- **Task directions**: Would you set down each line of the data below exactly?

(Data to process)

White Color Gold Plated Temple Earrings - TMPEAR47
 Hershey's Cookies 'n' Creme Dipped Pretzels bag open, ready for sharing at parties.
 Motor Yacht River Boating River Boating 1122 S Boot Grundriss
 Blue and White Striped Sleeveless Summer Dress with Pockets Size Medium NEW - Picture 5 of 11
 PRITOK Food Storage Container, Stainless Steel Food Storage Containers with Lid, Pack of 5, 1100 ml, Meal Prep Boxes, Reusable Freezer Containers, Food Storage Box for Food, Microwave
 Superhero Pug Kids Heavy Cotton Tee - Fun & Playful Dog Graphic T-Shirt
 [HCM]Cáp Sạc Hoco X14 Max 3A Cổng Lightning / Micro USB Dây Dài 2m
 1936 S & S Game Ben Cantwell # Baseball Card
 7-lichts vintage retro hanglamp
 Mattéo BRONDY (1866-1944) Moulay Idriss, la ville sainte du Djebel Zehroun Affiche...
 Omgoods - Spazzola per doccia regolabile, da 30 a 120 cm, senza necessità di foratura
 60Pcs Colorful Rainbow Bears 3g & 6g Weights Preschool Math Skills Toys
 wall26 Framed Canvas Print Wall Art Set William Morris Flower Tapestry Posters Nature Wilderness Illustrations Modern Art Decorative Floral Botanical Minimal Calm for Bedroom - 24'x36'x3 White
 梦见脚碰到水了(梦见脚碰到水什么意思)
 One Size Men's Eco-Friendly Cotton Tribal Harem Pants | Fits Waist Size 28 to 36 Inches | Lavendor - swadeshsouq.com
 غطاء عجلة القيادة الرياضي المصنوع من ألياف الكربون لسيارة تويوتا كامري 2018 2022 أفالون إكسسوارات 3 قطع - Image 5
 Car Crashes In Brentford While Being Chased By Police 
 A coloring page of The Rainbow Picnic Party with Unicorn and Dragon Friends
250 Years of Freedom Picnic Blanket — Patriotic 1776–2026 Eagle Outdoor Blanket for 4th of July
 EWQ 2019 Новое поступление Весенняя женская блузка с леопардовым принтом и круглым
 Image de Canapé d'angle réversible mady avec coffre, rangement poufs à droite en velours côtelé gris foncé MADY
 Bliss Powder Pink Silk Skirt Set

(End Data to process)

- **Result**:
White Color Gold Plated Temple Earrings - TMPEAR47
 Hershey's Cookies 'n' Creme Dipped Pretzels bag open, ready for sharing at parties.
 Motor Yacht River Boating River Boating 1122 S Boot Grundriss
 Blue and White Striped Sleeveless Summer Dress with Pockets Size Medium NEW - Picture 5 of 11
 PRITOK Food Storage Container, Stainless Steel Food Storage Containers with Lid, Pack of 5, 1100 ml, Meal Prep Boxes, Reusable Freezer Containers, Food Storage Box for Food, Microwave
 Superhero Pug Kids Heavy Cotton Tee - Fun & Playful Dog Graphic T-Shirt
 [HCM]Cáp Sạc Hoco X14 Max 3A Cổng Lightning / Micro USB Dây Dài 2m
 1936 S & S Game Ben Cantwell # Baseball Card
 7-lichts vintage retro hanglamp
 Mattéo BRONDY (1866-1944) Moulay Idriss, la ville sainte du Djebel Zehroun Affiche...
 Omgoods - Spazzola per doccia regolabile, da 30 a 120 cm, senza necessità di foratura
 60Pcs Colorful Rainbow Bears 3g & 6g Weights Preschool Math Skills Toys
 wall26 Framed Canvas Print Wall Art Set William Morris Flower Tapestry Posters Nature Wilderness Illustrations Modern Art Decorative Floral Botanical Minimal Calm for Bedroom - 24'x36'x3 White
 梦见脚碰到水了(梦见脚碰到水什么意思)
 One Size Men's Eco-Friendly Cotton Tribal Harem Pants | Fits Waist Size 28 to 36 Inches | Lavendor - swadeshsouq.com
 غطاء عجلة القيادة الرياضي المصنوع من ألياف الكربون لسيارة تويوتا كامري 2018 2022 أفالون إكسسوارات 3 قطع - Image 5
 Car Crashes In Brentford While Being Chased By Police 
 A coloring page of The Rainbow Picnic Party with Unicorn and Dragon Friends
250 Years of Freedom Picnic Blanket — Patriotic 1776–2026 Eagle Outdoor Blanket for 4th of July
 EWQ 2019 Новое поступление Весенняя женская блузка с леопардовым принтом и круглым
 Image de Canapé d'angle réversible mady avec coffre, rangement poufs à droite en velours côtelé gris foncé MADY
 Bliss Powder Pink Silk Skirt Set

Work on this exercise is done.